Between 1000 and 1700, Spain did what no other European country or region has done:  its inhabitants liberated themselves from what nationalist historians would later call centuries of foreign occupation, and they acquired and then held the world’s first truly global empire; then, in the space of 150 years, Spain’s European power largely evaporated, as it lost out to Britain and France in the great-power conflicts of the eighteenth century. Despite their continued possession of far flung colonies (virtually all of Central and South America) until the nineteenth century, the Spanish collapse was so complete and the subsequent English ascendancy so total, that American students often learn about the Spanish empire, which endured longer than the English one, only as a footnote to history. 


This course thus focuses on the political and social history of Spain from the Christian “Reconquest” of Iberia, through Spain’s imperial expansion and European domination in the sixteenth century, to its rapid decline in the seventeenth century. Each week, we will cover some issue or theme related to the history of Spain in its Golden Age. Students will be broken into groups and scheduled to lead the discussion of readings in given weeks.
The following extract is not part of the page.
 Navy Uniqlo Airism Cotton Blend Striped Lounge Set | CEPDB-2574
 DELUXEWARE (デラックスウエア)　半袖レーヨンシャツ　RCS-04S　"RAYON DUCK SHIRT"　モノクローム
Because it is a once-per-week seminar, each class period will be broken into two or three parts. 1. Many students know little about Iberian history before 1492, and so I will give presentations covering this earlier history of the Iberian Peninsula in the effort to catch students up to the period the course covers. 2. Discussion/presentation of assigned readings on aspects of Spain in the Golden Age. 3.In-class writing or research paper workshopping or the occasional film.